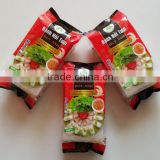 Vietnamese Pure Natural Fine Rice Vermicelli - Duy Anh Foods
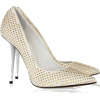 Pumps & Classic shoes - Classic shoes & Pumps - 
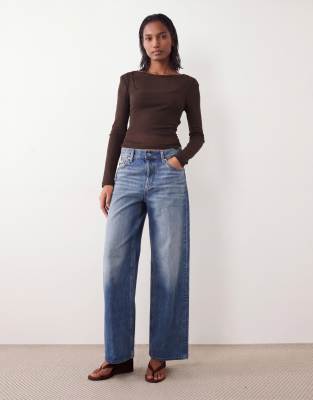 Jeans 4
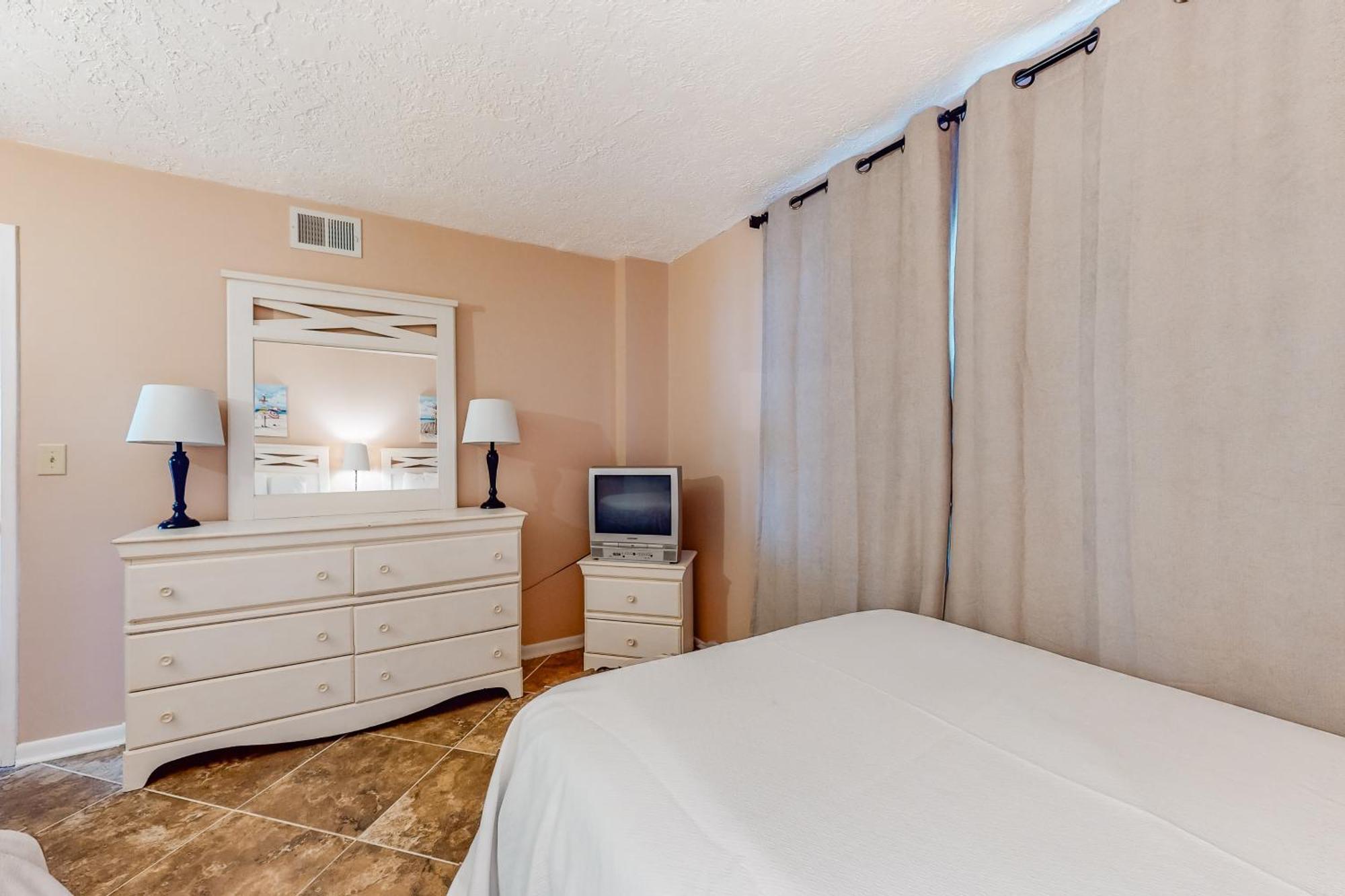 Romar Tower By Meyer Vacation Rentals Orange Beach Pokój zdjęcie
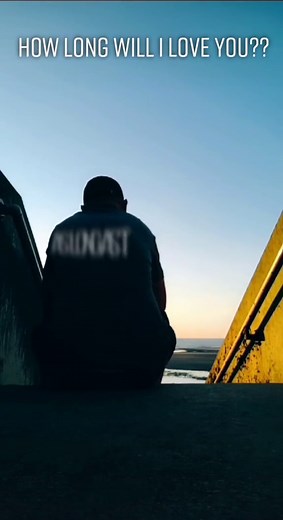 Ellie Goulding Remix - How Long Will I Love You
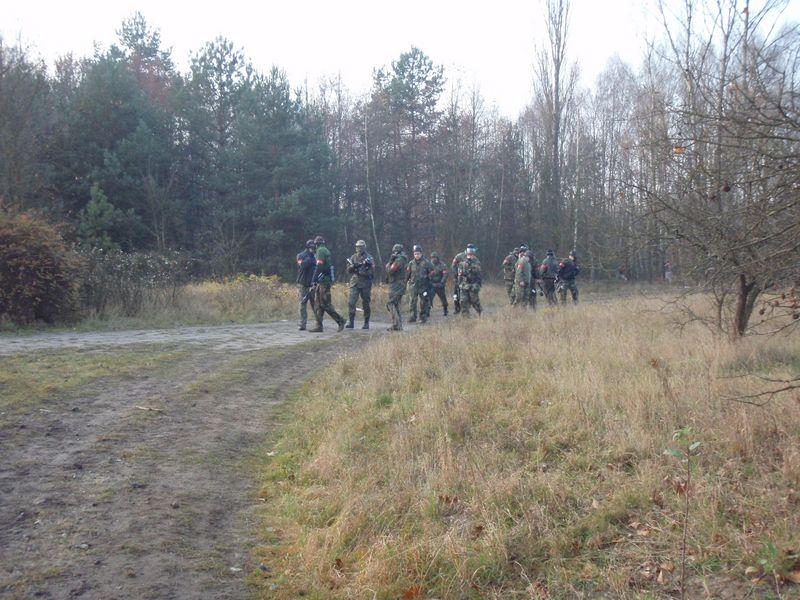 PB090056 [800x600].JPG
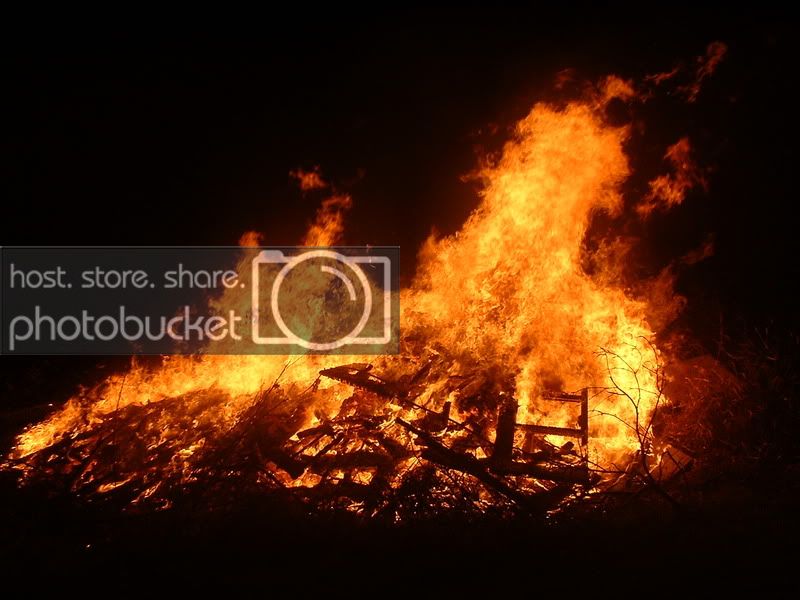 Photo Sharing and Video Hosting at Photobucket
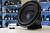 Сабвуфер Pride M.12 12" S0,4
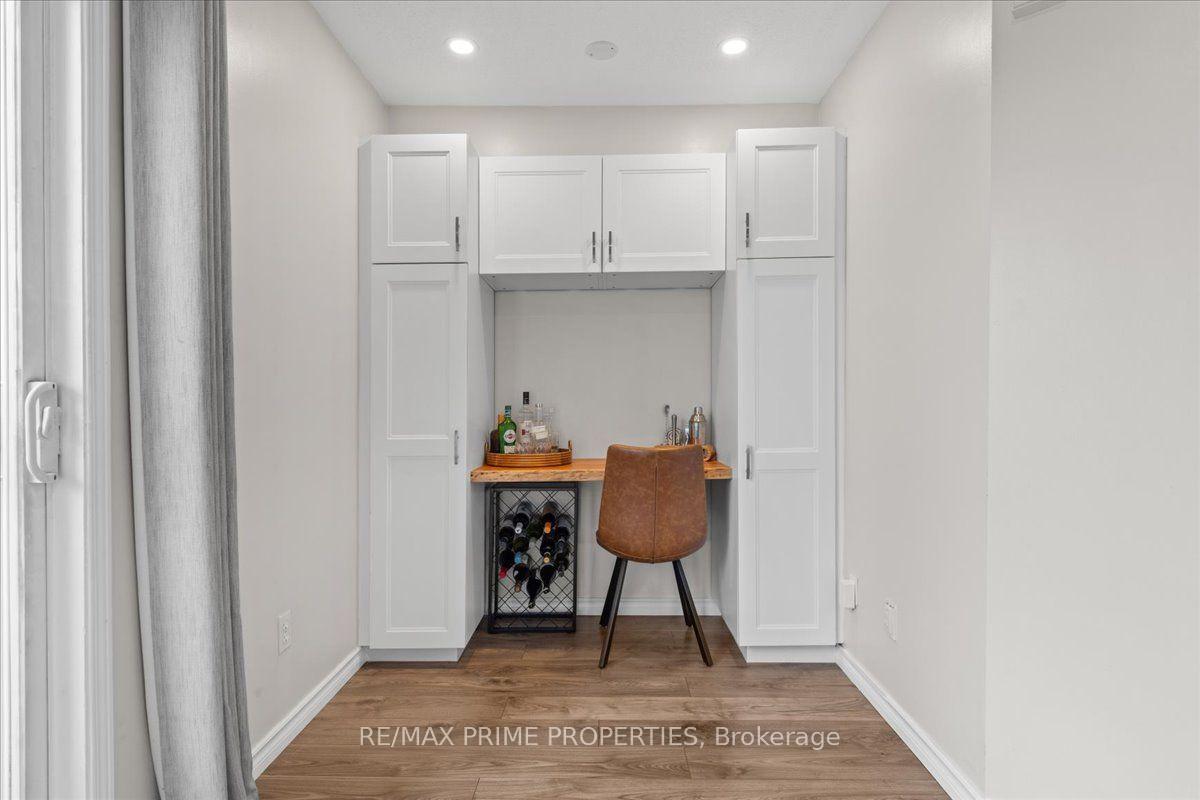 Photo 17 of 2314 Bois Vert Place, Ottawa, Avalon East — HOMEH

> [HOW TO COMPLETE THIS TASK] Reproduce exactly the part of the records above that begins at the line holding "Сабвуфер Pride M.12" and ends at the final line, both included, leaving out the pictures.

> [TASK RESPONSE]
 Сабвуфер Pride M.12 12" S0,4
 Photo 17 of 2314 Bois Vert Place, Ottawa, Avalon East — HOMEH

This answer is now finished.